映画「国際市場で逢いましょう」 庶民目線で描く先人の苦労

 主人公のドクスは、ユン監督の父親がモデルだ。韓国がまだ貧しく、苦難が続いた時代のエピソードがてんこ盛りで、そこが観客の涙を誘う。

 「韓国の現在の繁栄は決して『天から降ってきた』ものではなく、両親や祖父母の世代が血のにじむような努力や苦労を重ねてきた結果です。その世代が今や亡くなったり、引退する時期になったりしている。この映画で苦労をねぎらいたい、という思いが強かった」

 それは苦難の時代を知らない若い世代へのメッセージでもある。

 「若い世代は先人の苦労を知らないで、親たちを平気で無視したりする。日本も同じではありませんか。
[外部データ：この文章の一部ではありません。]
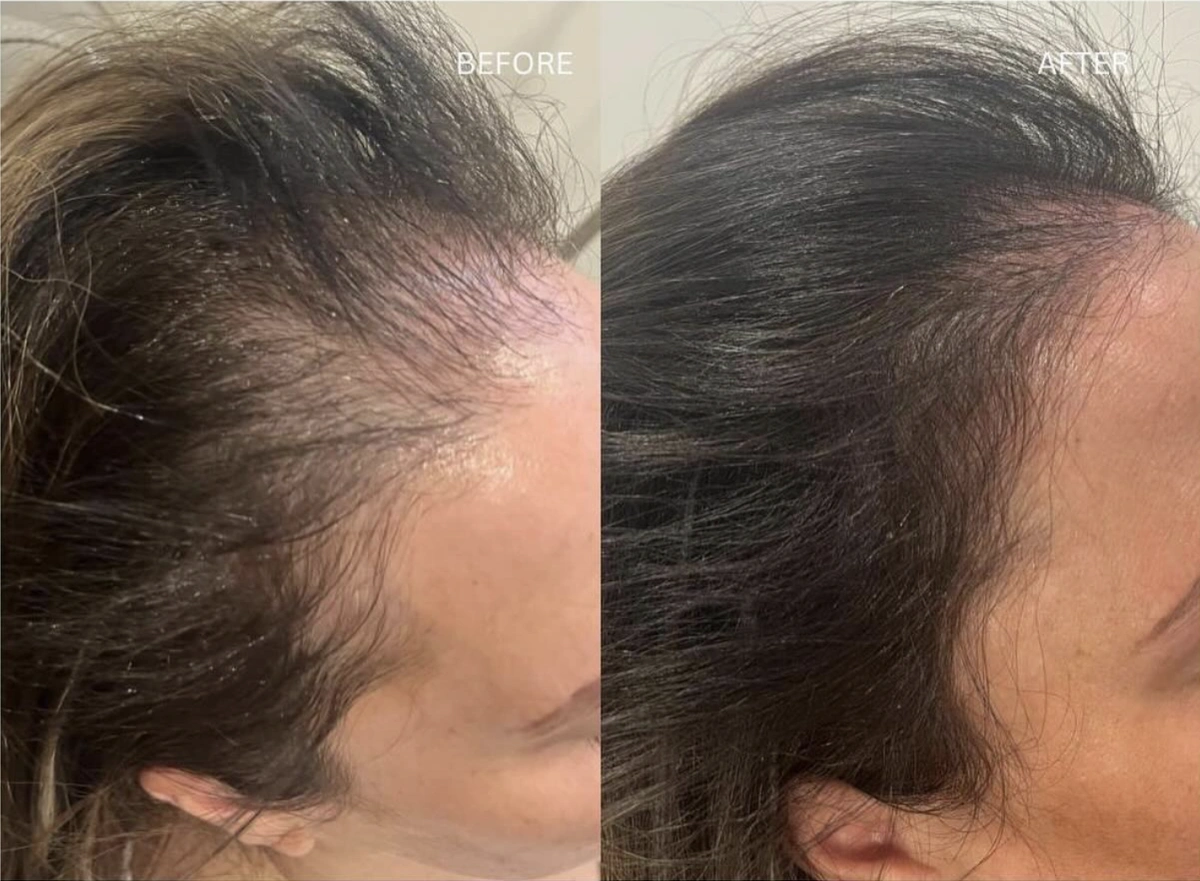 hair restoration treatments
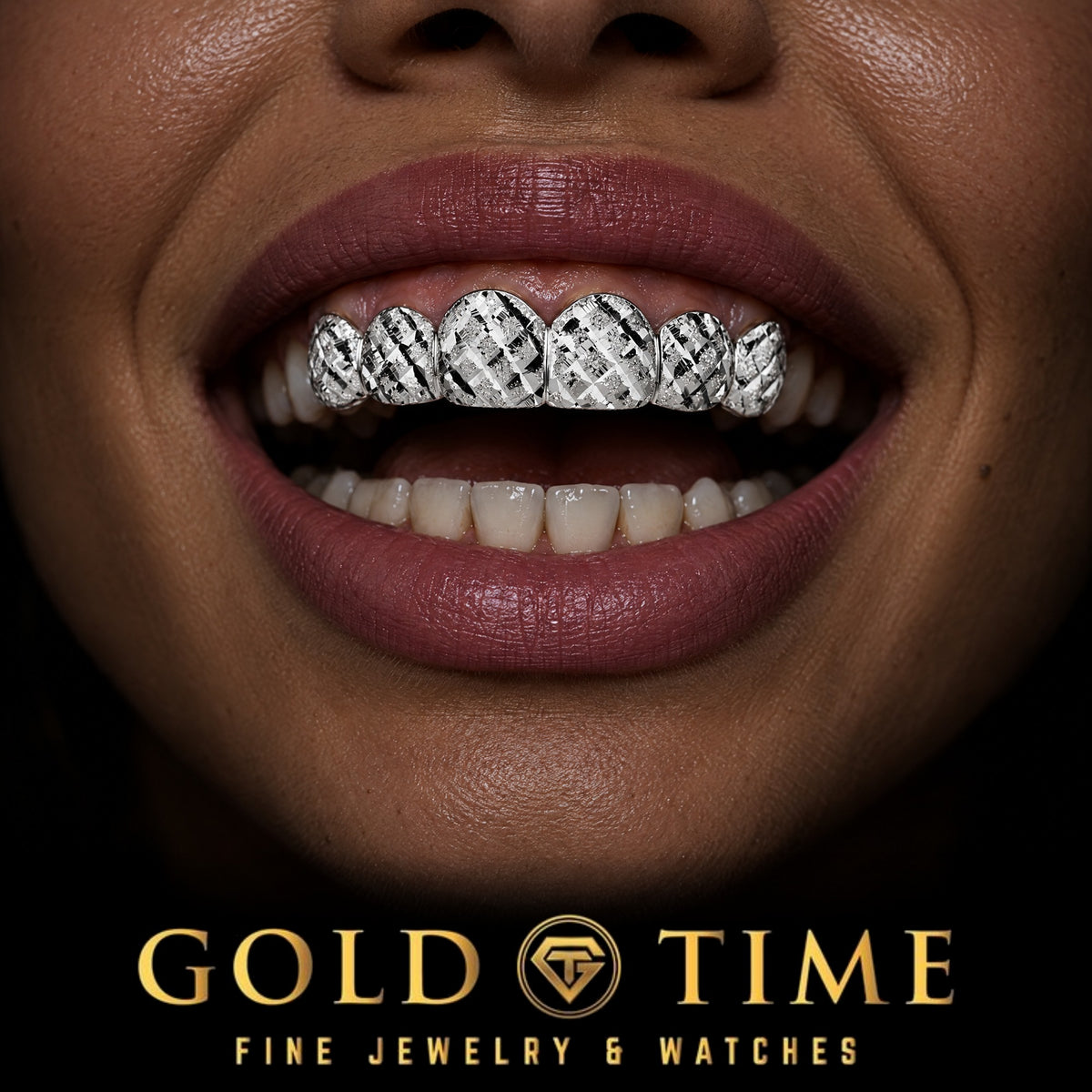 Custom grillz, 6 Piece Trillion Cuts and Diamond Dust, worn in a smile, lifestyle photo 2, Gold Time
やはり、大きな戦争から立ち上がり、大変な苦労をして奇跡的な経済成長を成し遂げたのに、子供たちは、それを『当然のこと』だと勘違いしていますね」

 ところで、本作には、韓国の戦後史とは関わりが深いはずの「日本」が全く登場しない。よくも悪くもである。

 「意図的ではなく、『自然に』そうなった」としたうえで、ユン監督は「親の献身や家族の愛は万国共通の感情です。政治的に敏感な問題があるのは承知しているが、日本と韓国には似ている部分も多い。親近感もある。この映画は特に日本の若い世代に見てほしいと思っています」と話す。